「伝統」とはなにか

 例のようにネタですが、どれほどの期間あるもの・状態が継続すれば「伝統」として扱われるのか。みなさんはどうお考えですか。
 決まった定義があるわけではもちろんなく、人によってだいぶ開きがあるでしょうけれども、だからこそ日本人の平均的な「伝統」観というか、平均値・中央値・最頻値が知りたい。どなたかアンケート調査してくれないでしょうか(あるいは、もうあるのかな)。

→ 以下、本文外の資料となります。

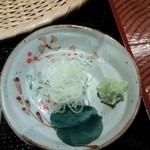 菊屋らん丸 - やさい天せいろ￥1480の薬味（晒し刻み葱、山葵）（H26.7.4撮影）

 「〇〇は近代に創られた『伝統』」という言い回しは、世間で信じられているよりも〇〇は新しい、人工的に作りだされた慣習や制度であるということで否定的に用いられるわけですが、仮に明治時代に突如あらわれて定着したものであれば、それは百年以上前のものであり、世代でいえば、四、五世代。十分に「伝統的」なのではないか?とも思うわけです。
 どうやら、〇〇の古さが偽装される際に問題が生じる(そしてそれが論文等のタネになる)ようなのですが、正直な場合はどうなのか。創業以来百年を超える店が「老舗」を名乗り、「伝統の味」を喧伝しているところに「いやいや、所詮は近代以降にできた味」と言い放てば相手は気を悪くするでしょう。というか、そういう客がいるとは思えない。
 もうひとつ「伝統」で問題になるのは、「〇〇自体は伝統的なものであるが、今見るかたちは近代に創られたもの」の類。こちらは〇〇が古来不変であると偽装される際の問題で、世代数とは別問題なのでここでは取り上げませんけれども、やはり気になる。たとえば、鎌倉時代に幕府の重要行事として出現し、室町時代に突然廃れ、口伝などの手がかりがほとんどないままに吉宗が復興させた流鏑馬はいつからの伝統ということになるのか。当事者たちにかつての正統を伝えているという意識があり、周囲もそれを受け入れていれば古くからの伝統を名乗る資格がある気もするのですが(そもそも、先代と全く同じやり方の伝統行事など存在しないでしょう)、いろいろな意見があるはず。